Gödel numbers may be used to define a programming language, where sets of propositions may be studied using arithmetic functions.

Aidan Rocke https://github.com/AidanRocke
03-10-2022

Everything is a number.-Pythagoras

Let’s suppose we design a formal language, Gödel, using a finite set of symbols $$S \subset \mathbb{N}^*$$.

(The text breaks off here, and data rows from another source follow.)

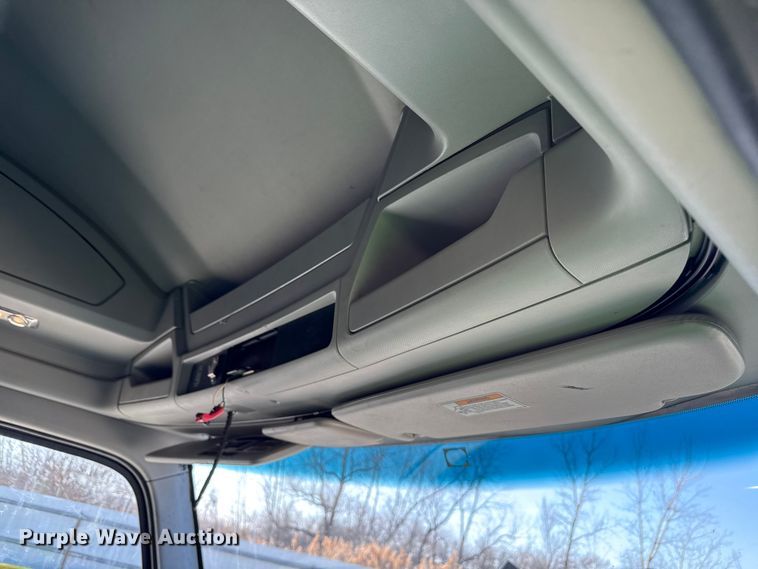 image for item YA2022 2022 Kenworth T680 semi truck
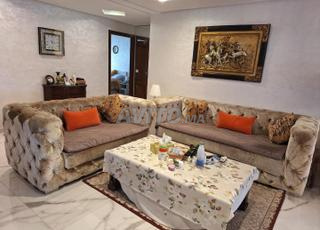 Salon moderne en Bon état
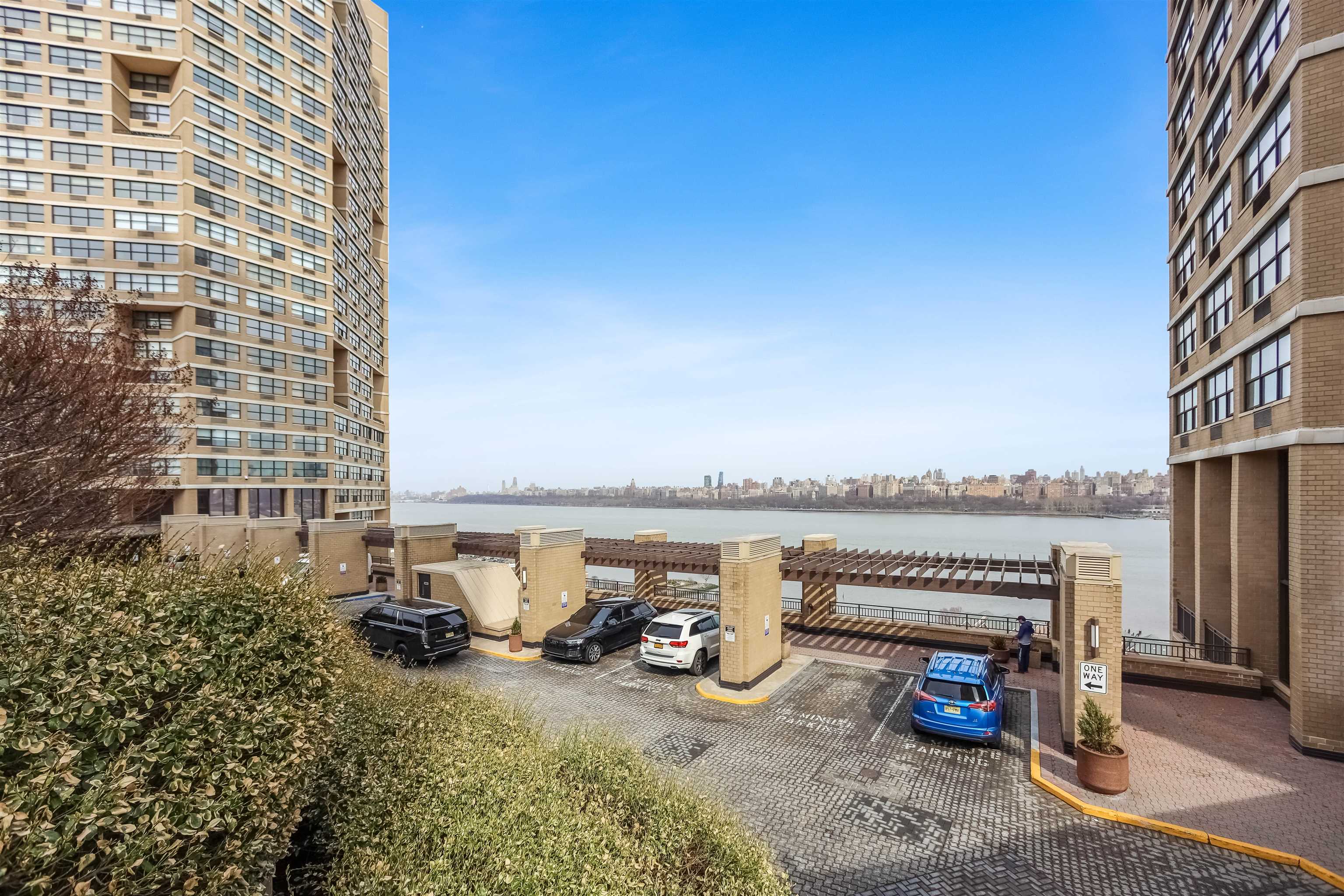 7004 JOHN F KENNEDY Boulevard, Guttenberg Town, Guttenberg, NJ 07093 - Property photo 2 of 39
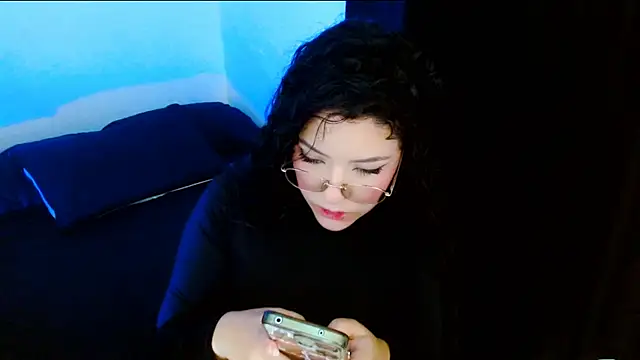DollCam   online show from 09/29/25, 12:16
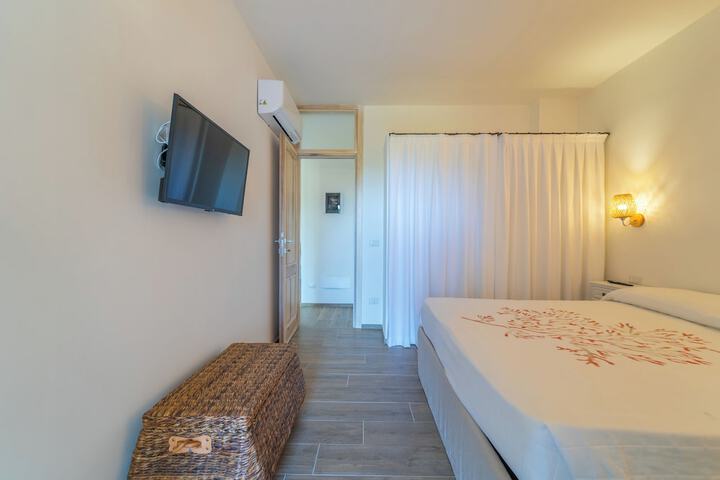 Room 17 of 93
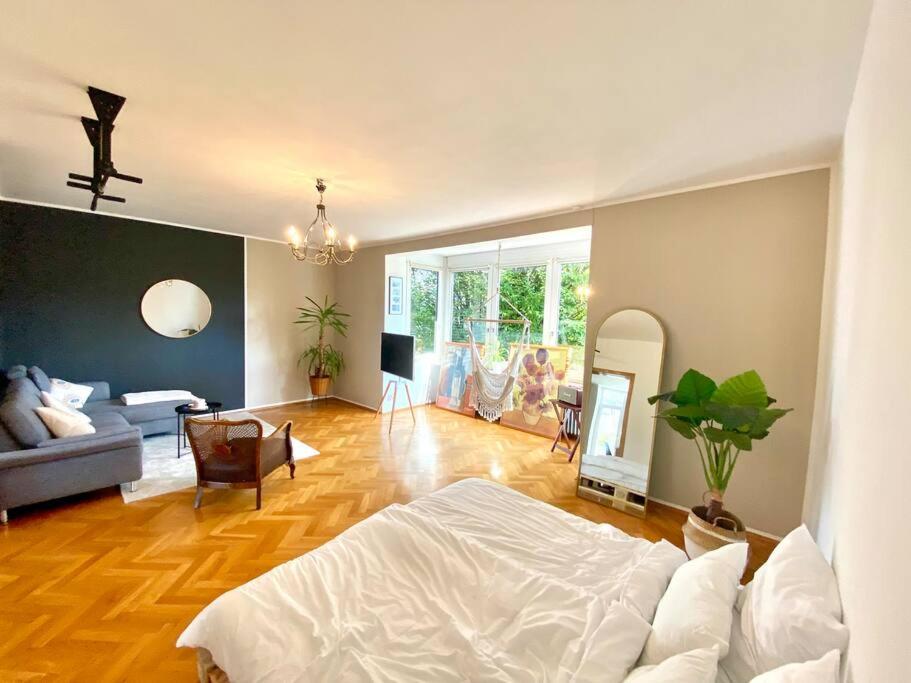 1 dormitorio con 1 cama y sala de estar en Wunderschöne Altbauwohnung mit Balkon - 102 qm en Aachen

Using the Unique Factorisation Theorem, any logical proposition $$\{\alpha_i\}_{i=1}^n \in S^n$$ may be uniquely defined as follows:

$\begin{equation} \mathcal{A} = \prod_{k=1}^n p_k^{\alpha_k} \tag{1} \end{equation}$

where $$p_k$$ is the kth prime.

To define a sequence of propositions, such as a proof or program, we may use the Unique Factorisation Theorem a second time:

$\begin{equation} \zeta = \prod_{j=1}^n p_j^{\mathcal{A}_j} \tag{2} \end{equation}$

and to encode a sequence of programs, we may use the Unique Factorisation Theorem yet again:

$\begin{equation} \mathcal{T} = \prod_{i=1}^n p_i^{\zeta_i} \tag{3} \end{equation}$

where $$\mathcal{T}$$ denotes a theory.

One issue we have not yet carefully addressed is how we may distinguish integers of type $$\mathcal{A}, \zeta, \mathcal{T}$$. In order to address this problem, it is necessary and sufficient to define a type hierarchy: $$\mathcal{A} \subset \zeta \subset \mathcal{T}$$.

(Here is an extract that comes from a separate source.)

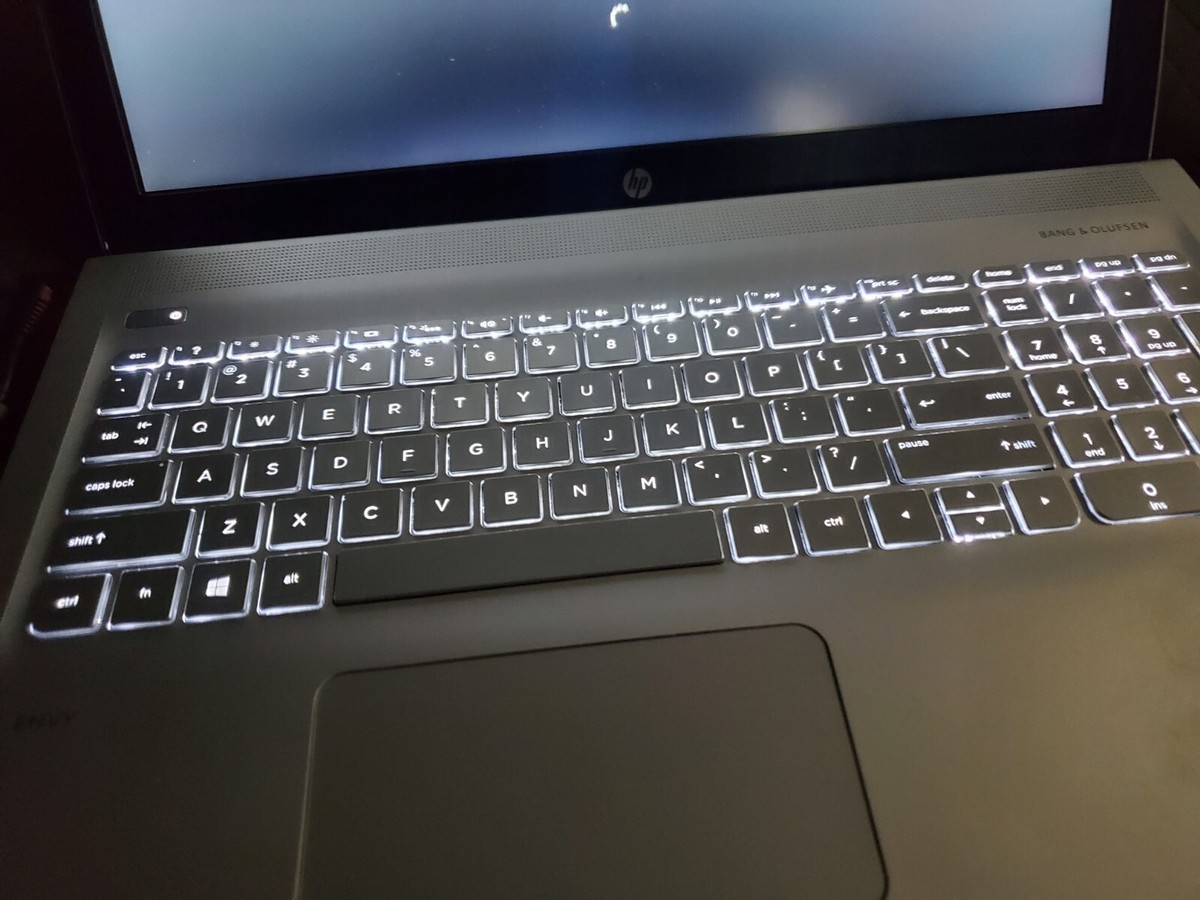 パソコン hp Windows11 core i7 8th gen intel Restored HP Z2 G4 Workstation, 1 x Intel Core i7 Hexa-core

Thus, we have a formal system which allows us to encode programs, libraries of programs, and mathematical theorems in a uniquely-decodable manner via the Unique Factorisation Theorem. For an explicit decoder, it is sufficient to use an algorithm for integer factorisation.

As a natural consequence, sets of logical propositions may be studied using arithmetic functions.

1. Gödel, K. “Über Formal Unentscheidbare Sätze der Principia Mathematica und Verwandter Systeme, I.” Monatshefte für Math. u. Physik 38, 173-198, 1931.
2. Gödel, K. On Formally Undecidable Propositions of Principia Mathematica and Related Systems. New York: Dover, 1992.
3. Hardy, G. H.; Wright, E. M. (1979) . An Introduction to the Theory of Numbers (5th ed.). Oxford: Clarendon Press.